Plus de la moitié d’une vie en prison

La famille « révolutionnaire » d’Agustín Comatto n’avait pas oublié le vieil anarchiste Radowitzky et en parlait souvent à table, où l’auteur n’en perdait pas une miette. Simon Radowitzky a certes participé à trois révolutions en Russie (1905), Argentine (1908) et Espagne (1936) mais il a surtout passé plus de la moitié de sa vie en « cage », dont plus de 20 ans dans le bagne gelé d’Ushuaia (Terre de Feu) dont peu sortirent vivants. Seul le souvenir, l’espoir de revoir Ludmyla, son amour adolescent en Ukraine qui devait le rejoindre en Argentine, le fait tenir. Depuis le pénitencier, les souvenirs de Simon (Shimele), le matricule 155 d’Ushuaia, se croisent et se mêlent aux traitements endurés. 

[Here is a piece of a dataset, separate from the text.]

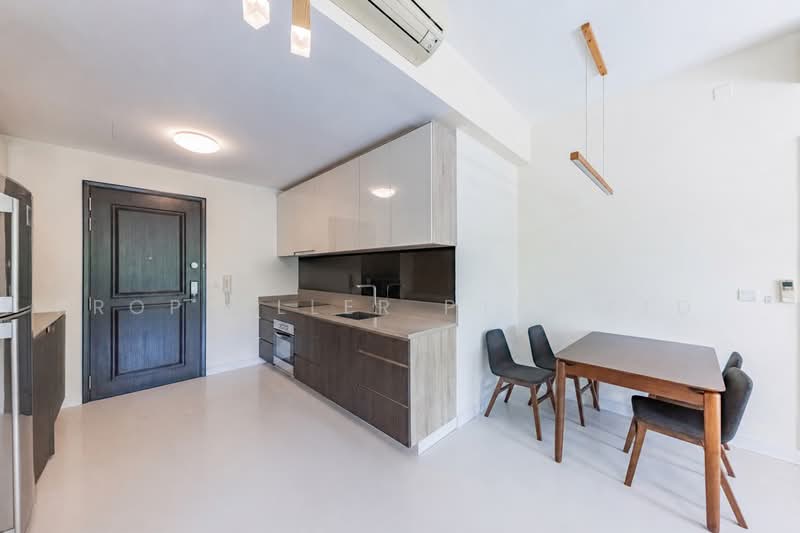 E Maisons (The Maisons), 28 Braddell Road, 1 Bedroom, 667 sqft, Apartment For Sale, by Florence Ho, 500231099 - Kitchen - PropertyGuru.com.sg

Né en 1891, dans une famille juive pauvre près de Kiev, Radowitzky subit et combat les pogroms et le tsar en même temps que le fatalisme religieux de son père. Il devient militant dès l’âge de 13 ans fait 4 mois de prison. À 15 ans, ouvrier, il est membre du soviet de sa ville avec la jeune étudiante Ludmyla. C’est lui qui, armé d’un pistolet, donnera le signal du déclenchement de l’insurrection en obligeant les vigiles de son usine à tirer la sirène d’alarme. Lié à la mouvance radicale du mouvement anarchiste (Bestmotivny), il doit après des jours d’affrontement avec l’armée puis l’assassinat de son ami, dirigeant anarchiste, fuir la Russie. À Riga, il refuse d’embarquer tant que Ludmyla ne l’a pas rejoint. Assommé par ses camarades, il est embarqué de force dans un bateau pour l’Argentine. Très vite, il reprend une activité militante au sein de la FORA (syndicat anarchiste très influent au début du 20e siècle). La répression sauvage puis le massacre des manifestants du 1er mai 1909 par le chef de la police, le général Falcon, ennemi juré de la classe ouvrière, des immigrés et des juifs, le mène à l’action directe. 

Action directe

Il passe dans la clandestinité. Le 14 novembre 1909, il lance une bombe contre la voiture de Falcon et le tue. Encore mineur, il échappe à la pendaison et est condamné au bagne à vie. En novembre 1918, il parvient à s’évader mais est repris à la frontière chilienne. Seule une forte campagne de mobilisation du mouvement ouvrier et démocratique animée par la femme du directeur d’un grand quotidien argentin lui sauve la vie, avant d’obtenir sa liberté en 1930. Expulsé en Uruguay, il purge à nouveau trois années de prison avant de gagner l’Espagne révolutionnaire. Retiré du front en raison de son état de santé et de sa connaissance du russe, il aide la CNT dans son bras de fer, perdu, contre le stalinisme. Quelques jours avant la chute de Barcelone, Il évacuera les archives du mouvement anarchiste. Une dernière fois, il tâtera d’une « cage » en France mais parviendra à s’enfuir pour le Mexique où la vérité sur le sort tragique de Ludmyla dans les camps staliniens l’attend.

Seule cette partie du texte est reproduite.